Records excerpted from a collection
Start of Block

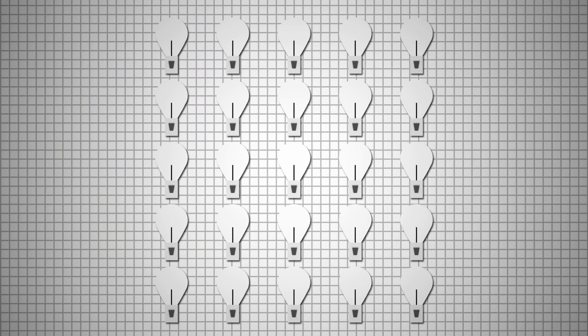Now imagine having an array of 25 light bulbs and light switches. All the switches can be turned on and turned off. Imagine the possibilities.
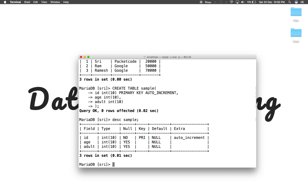I'm going to create a trigger that will automatically fire before every insert. So whenever a user inserts a value, the trigger will be activated and it will check if the age value is greater than 18. If greater than 18, it sets the adult value to 1; if less than 18, it sets the adult value to 0. Let us create the trigger.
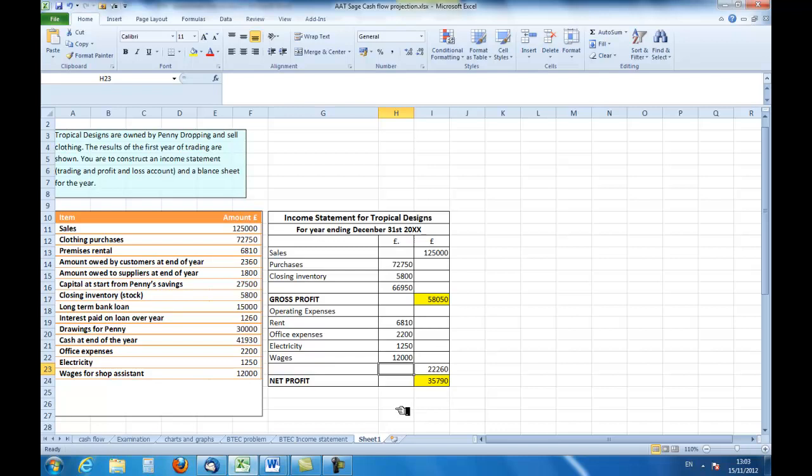So there we are. Using a few simple figures from Tropical Designs, I've managed to construct the income statement for them for the year. Thank you for watching and listening.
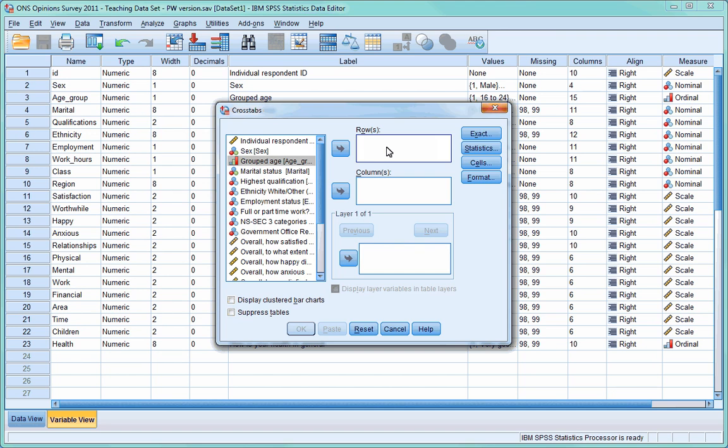You need to put one variable in each box, and whether you put a particular one in row or column will only affect the orientation of the table. We'll come back to this again later.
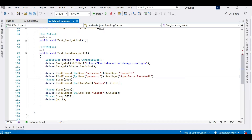Hello everyone, welcome back to the channel. In the last video we saw how to navigate, how to locate web elements and play around with them. We saw by name, class name, and link text locators. Today we're going to see how we can locate an element using XPath and how we can play around with them. We will be using the same example from the last program but this time we will be using XPaths for all the elements.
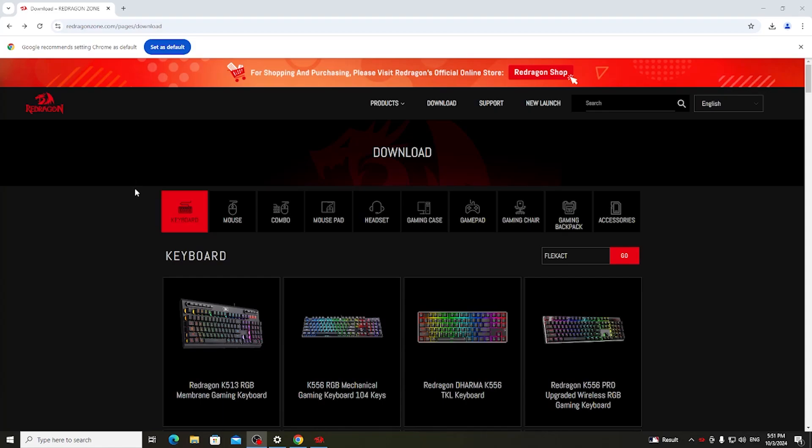Hello! In this video I want to show you how to download the software for Red Dragon keyboard.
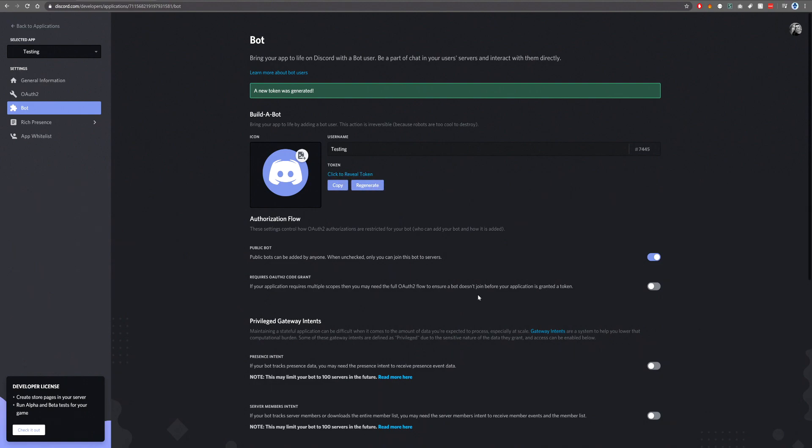That concludes this quick video for today. In the next video, we're going to be showing you how to invite a bot, invite your bot or invite someone else's bot.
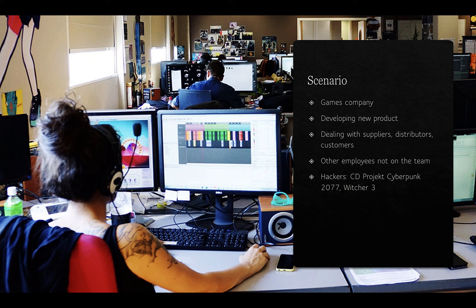For example, the major SolarWinds hack predominantly affected US organisations — a piece of software was compromised and then used by a wide range of other companies. Their use of that compromised third-party software led to their own systems being compromised in turn. This was a real eye-opener in terms of so-called supply chain attacks, targeting anyone providing you with a service or product.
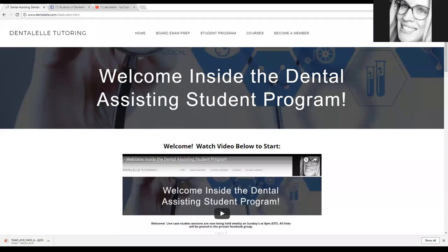Hello everybody, Andrea Trask here with Dental Health Tutoring. Now let's have a look inside the Dental Assisting Student Program.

End of Block

**EXERCISE AIM:** Please print all of the records above exactly, omitting each picture.

**ANSWER SECTION:**
Now imagine having an array of 25 light bulbs and light switches. All the switches can be turned on and turned off. Imagine the possibilities.
I'm going to create a trigger that will automatically fire before every insert. So whenever a user inserts a value, the trigger will be activated and it will check if the age value is greater than 18. If greater than 18, it sets the adult value to 1; if less than 18, it sets the adult value to 0. Let us create the trigger.
So there we are. Using a few simple figures from Tropical Designs, I've managed to construct the income statement for them for the year. Thank you for watching and listening.
You need to put one variable in each box, and whether you put a particular one in row or column will only affect the orientation of the table. We'll come back to this again later.
Hello everyone, welcome back to the channel. In the last video we saw how to navigate, how to locate web elements and play around with them. We saw by name, class name, and link text locators. Today we're going to see how we can locate an element using XPath and how we can play around with them. We will be using the same example from the last program but this time we will be using XPaths for all the elements.
Hello! In this video I want to show you how to download the software for Red Dragon keyboard.
That concludes this quick video for today. In the next video, we're going to be showing you how to invite a bot, invite your bot or invite someone else's bot.
For example, the major SolarWinds hack predominantly affected US organisations — a piece of software was compromised and then used by a wide range of other companies. Their use of that compromised third-party software led to their own systems being compromised in turn. This was a real eye-opener in terms of so-called supply chain attacks, targeting anyone providing you with a service or product.
Hello everybody, Andrea Trask here with Dental Health Tutoring. Now let's have a look inside the Dental Assisting Student Program.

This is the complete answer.